Out of the fight against institutionalized racism and injustices came La Raza Unida Party, a regional political apparatus that for a few years grew large enough to offer Texans a third political party. The party won local elections, made political organizers out of marginalized Texans and brought scores of new voters into the electoral fold.
I always like to say that I was born into a Raza Unida family. Yes, my parents were stalwart Democrats who finally had enough of Dem Party shenanigans that kept Chicanos and Chicanas from elected office through racist voter suppression and supported a third party that was successful locally.
Democratic county officials maneuvered to try to keep Raza Unida candidates off the ballots, and issues arose with the ballot petitions the nascent party submitted. Left off the ballot in three of the four targeted counties, organizers decided to run write-in campaigns for some candidates.
Doing so forced them to confront the far reach of the state’s discrimination. Illiteracy rates were high among the area’s Mexican Americans who had not been afforded an education, and some local officials vowed to continue barring interpreters at the polls even though federal courts said they must be allowed.
In Crystal City, organizers gathered with voters in parks to walk them through the process of casting ballots. In English and Spanish, they helped voters inspect sample ballots so they could learn to measure the spaces between entries and know where candidates’ names should be written. Then, they helped them memorize how to write out the names.
When voters arrived at the polls, they faced intimidation, illegal literacy tests and ballots intentionally printed with races in a different order. Some ballots were tossed based on misspellings even though state law allowed election workers to use their best judgment to accept a voter’s intentions.
Just one of the party’s 16 candidates won. Still, they amassed on average nearly 40% of the vote, according to the retelling in “United We Win.”
In fact, my Mom’s brother, Jose Serna was among the first Chicanos elected under RUP as Zavala County Sheriff after having organized farm workers and townspeople along with his wife, Olivia. Sheriff Serna was also one of the candidates who earned a majority of votes as a write-in candidate, but was disqualified because of different spellings of his name. When Democrats took over later, he was re-elected as a Democrat.
In the 1960s, Black and Latino people walked a tightrope between oppression and possibility.
Some were coming of age after a lifetime in segregated schools. The social mobility education could offer was mired in everyday inequities. In Texas, racist teachers regularly insulted Mexican American students relegated to rundown schools that often lacked air conditioning. Students were shunned, or even abused, for speaking Spanish. Too many did not graduate high school. Too few made it to college, and the cycles repeated year after year.

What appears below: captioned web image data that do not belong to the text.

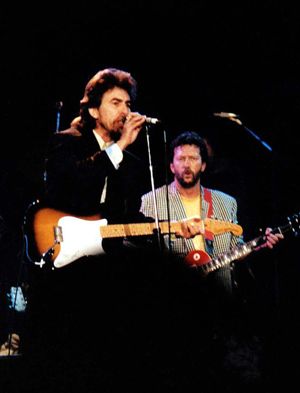 George Harrison and Eric Clapton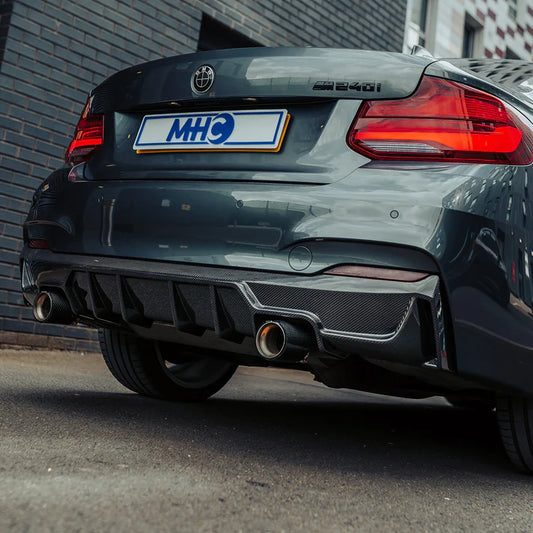 TNF+ Edition 1 rear diffuser carbon suitable for BMW 2023 (G87)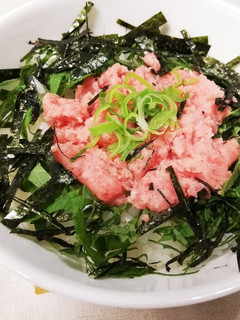 ねぎとろ丼-レシピのメイン写真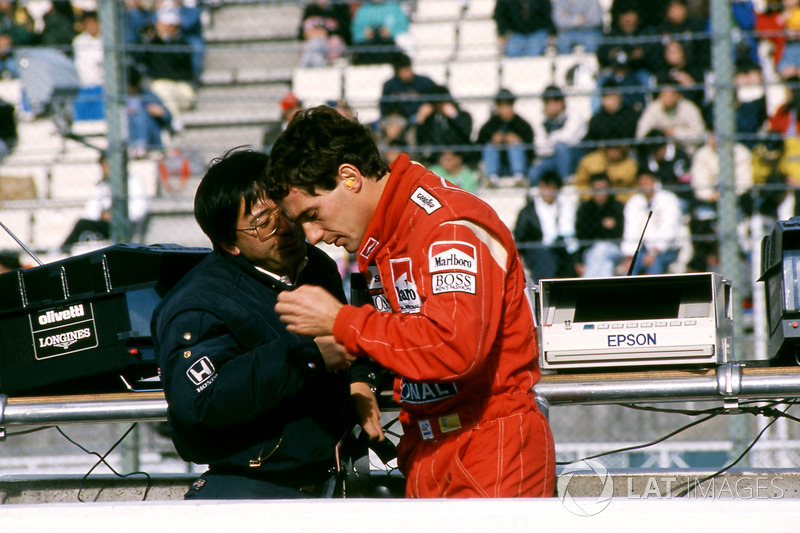 Ayrton Senna, McLaren, Osamu Goto, Honda Racing Team Leader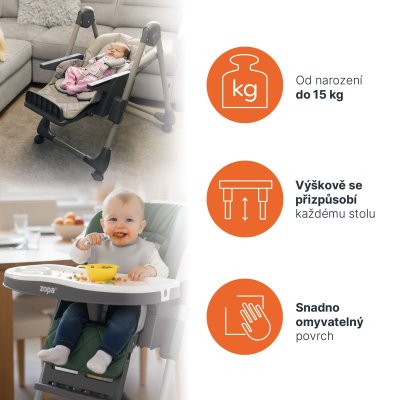 Zopa Dětská židlička Monti 2 - Diamond Green - obrázek
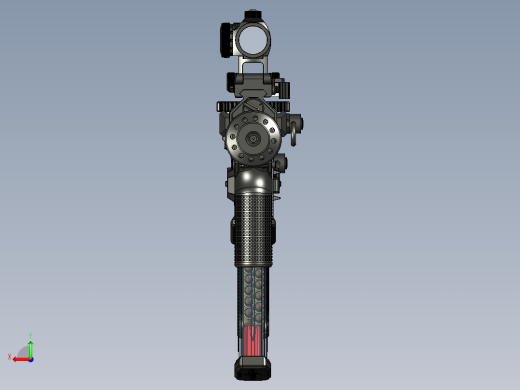 手枪左轮冲锋枪老式狙击步枪设计3D图纸wz-2022-perun-a4-1 1 STP后视缩略图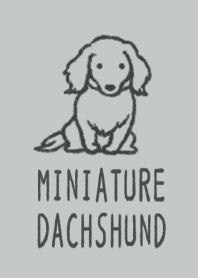 Doodle dog -Dachshund- SKY GRAY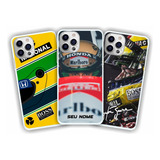 Capinha Senna Capacete Boss Assinatura Capa Formula 1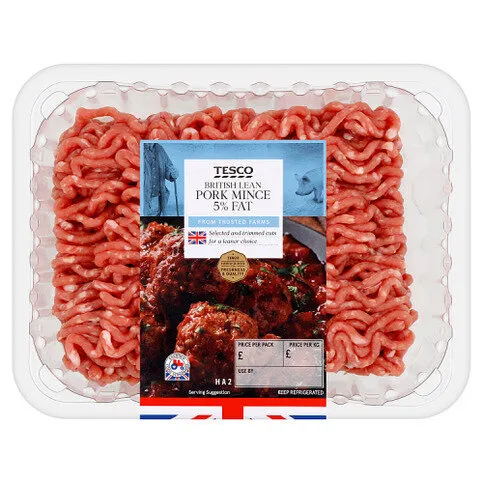 Tesco British Lean Pork Mince 5% Fat 500g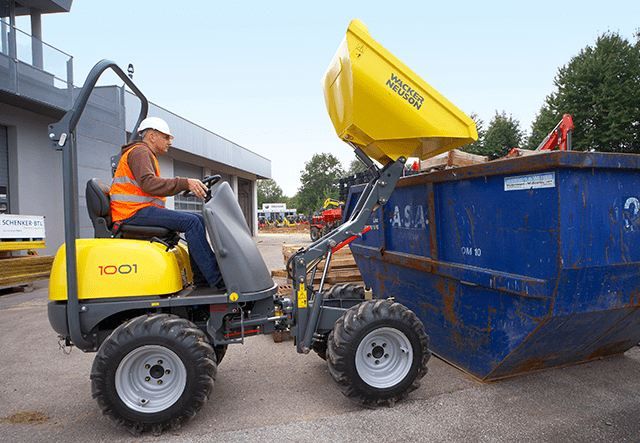 1001 mini-dumper sur pneu - wacker neuson - 1000 kg_3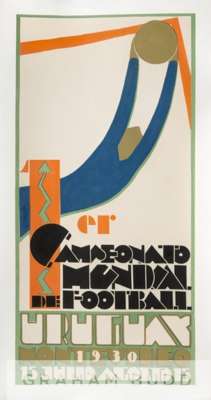 Official 1930 World Cup poster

Politically, Latino Texans battled for even a sliver of power. It hadn’t been that long since Mexican Americans attempting to vote faced violence and brutality often carried out by the Texas Rangers or were shut out by “white primaries.” Hispanic veterans returning from the Vietnam War found the state’s white power structure marginalizing them by instituting poll taxes and banning interpreters who could help Spanish-speaking or illiterate voters cast ballots.

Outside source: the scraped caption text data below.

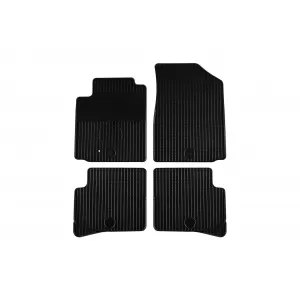 Mochete din cauciuc Gumarny Zubri potrivite pentru Toyota Yaris 1999-2005 cu 5 uși, set de 4 piese, culoare neagră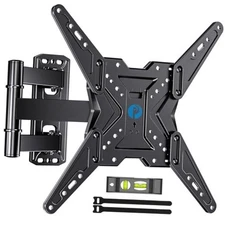  Full Motion TV Wall Mount for Most 26-60 inch TVs, 55 inch Compatible, with 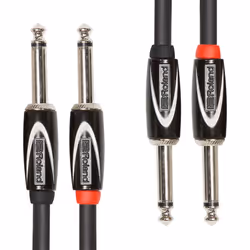 Roland RCC-3-2814, 2 x 6,35 mm, Mâle, 2 x 6,35 mm, Mâle, 1 m, Noir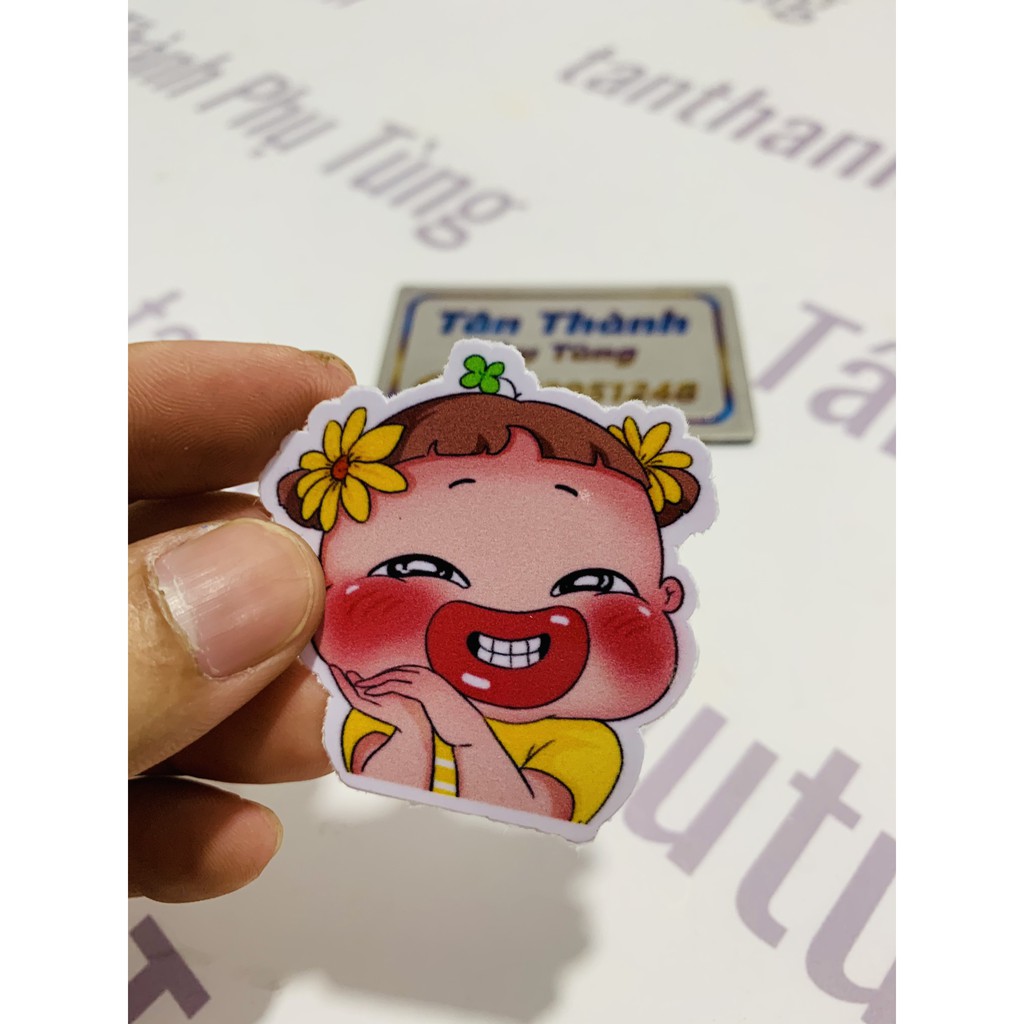 Tem Stiker Quỳnh AK dán xe máy, laptop, nón bảo hiểm(giá 1 tem)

Some Mexican Americans were from families that had been in Texas longer than it had been a state; others were the children of migrant farmworkers eager to form part of their communities. All were consigned to second-class citizenship.
As Greg Abbott and Republicans nationally continue their bigoted attitudes and practices toward brown people, that feeling of second-class citizenship is still in effect, unfortunately. It gets worse when Democrats, even when they have a majority in Washington, DC, fail to do anything about it.
Still, ingrained in many of us who grew up in the time, is the feeling that the fight must continue, “La Lucha Sigue.” But for so many in Democratic circles, this is a history they try to avoid while pretending to be “woke” about Chicanos and trying to earn their vote. Ultimately, if a political party sells the right message to the voters, they will respond. But it better be done with the same “ganas” that brought out voters during this historic time of empowerment and agitation.
“It was women and families that brought the agenda into the party,” said Martha Cotera, a librarian by trade who moved to Crystal City with her husband so they could moonlight as organizers. “The issues of the platform and the values are all reflective of the needs of a multigenerational group of people because if you bring the whole family in, you’re going to bring in several generations.”